If you just picked up the Jill Abramson story this week, you might think her dismissal from the New York Times sparked a national conversation about the stigma that surrounds being fired. Abramson already "broke her silence" by giving a commencement speech less than a week after leaving The Times, but now she's finally making the media rounds. (And even sounding off on Girls in Cosmo.) On Wednesday night, she made her first TV appearance since her firing, sitting down with Fox News' Greta Van Susteren. While they touched on sexism, Abramson seemed far more focused on setting an example for everyone who's lost a job they loved. The word "fired" was uttered dozens of times, and Van Susteren pointed out that she wasn't using the word "former" at the interviewee's request. "I've devoted my whole career to truth-telling, so why hide that?" Abramson said.
While Van Susteren asked an obligatory question about the Times' alleged liberal bias (Abramson insisted that's "dead wrong"), the interview was very friendly. It helped that Abramson mainly focused on a topic Fox News viewers could appreciate: the Obama administration's lack of transparency.
The conversation about Abramson's former employer wasn't nasty either, but she admitted that her dismissal was "hurtful," and she didn't see it coming. "But I would say I had my bumps and some difficult situations with some of the people I worked for," she explained. When asked why exactly she was fired, she noted that others have pointed to her management style. "I'm a hard-charging editor and I'm sure that there were some people who worked for me that didn't like that style," she said, adding that she thinks many other people "liked the fact that I was a stand-up editor."

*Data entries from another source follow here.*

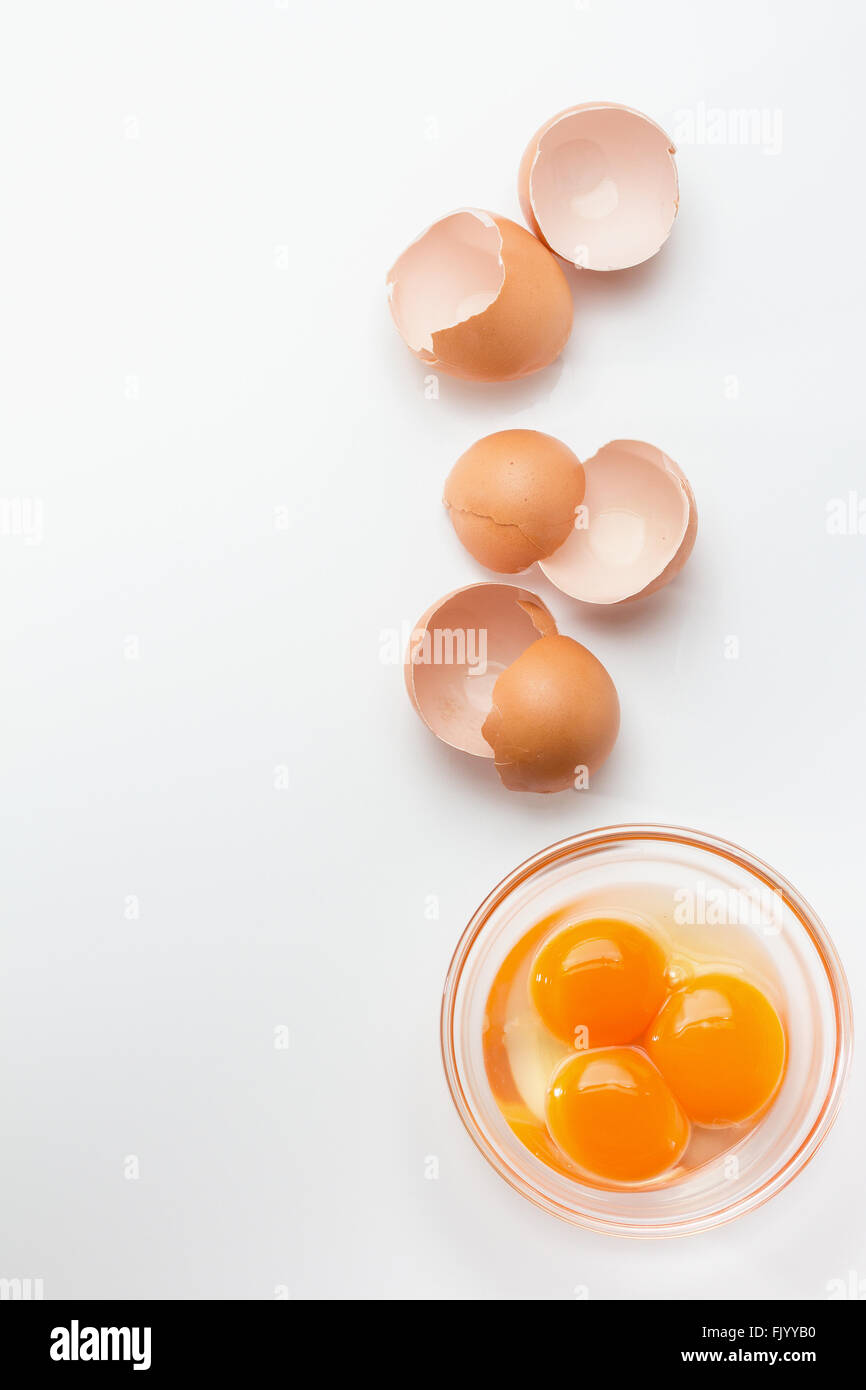 Broken eggshells with egg yolks in glass bowl Stock Photo Alamy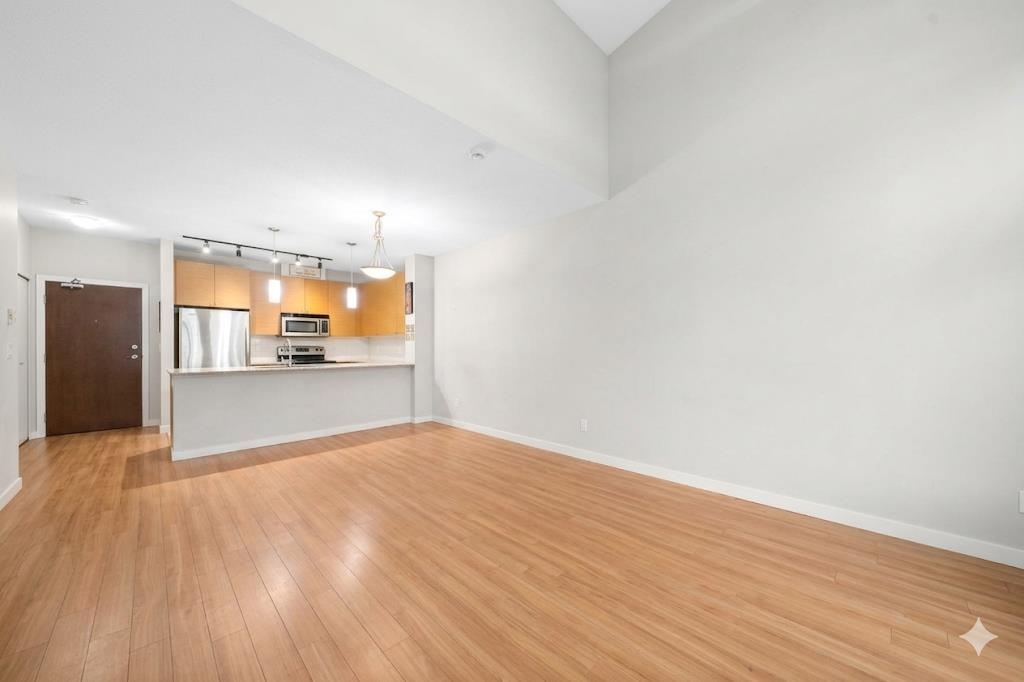 Living Room Photo of 411 201 Morrissey Road, Port Moody, BC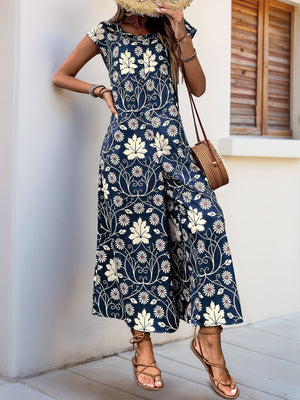 Navy botanical print culotte jumpsuit with short sleeves and round neckline.
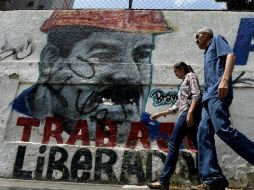 HRW dice que el gobierno de Maduro ha detenido, amenazado o acusado de cargos criminales a quienes lo han criticado. AP / ARCHIVO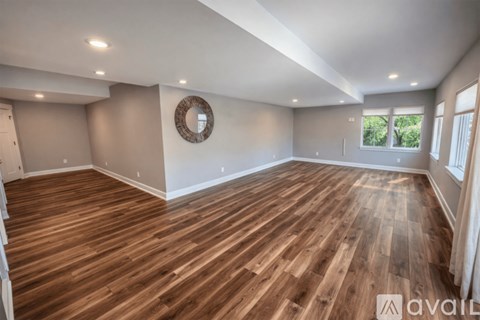 A spacious room with wooden flooring and a round mirror on the wall.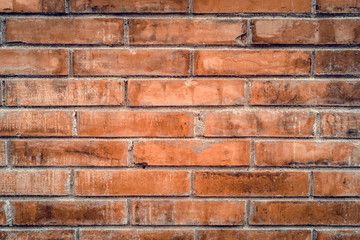 Old red brick wall with cracks and scratches. Horizontal wide brickwall background. Distressed wall with broken bricks texture. Vintage house facade.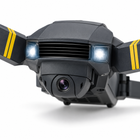 Close-up of the foldable RC drone front camera, LED lights, and yellow-striped arms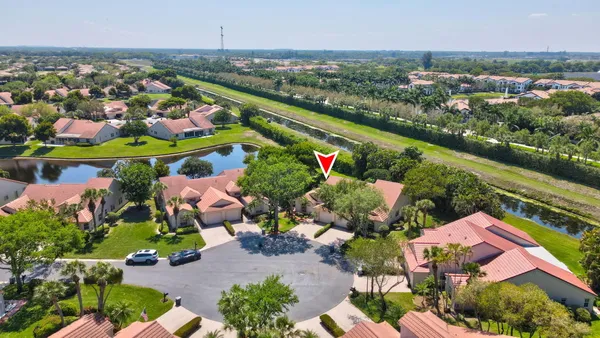 an aerial view of a house with a garden and lake view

When asked about sexism, she initially pivoted to firings in general. "Plenty of guys get fired, plenty of editors and news executives that I think were distinguished have lost their jobs in this media environment," she said. But while it seems Abramson is mainly interested in being the poster girl for post-firing resilience, she'll accept some feminist anger on her behalf. "What I do think, broadly, is that definitely women in leadership roles are scrutinized constantly and sometimes differently than men," she said.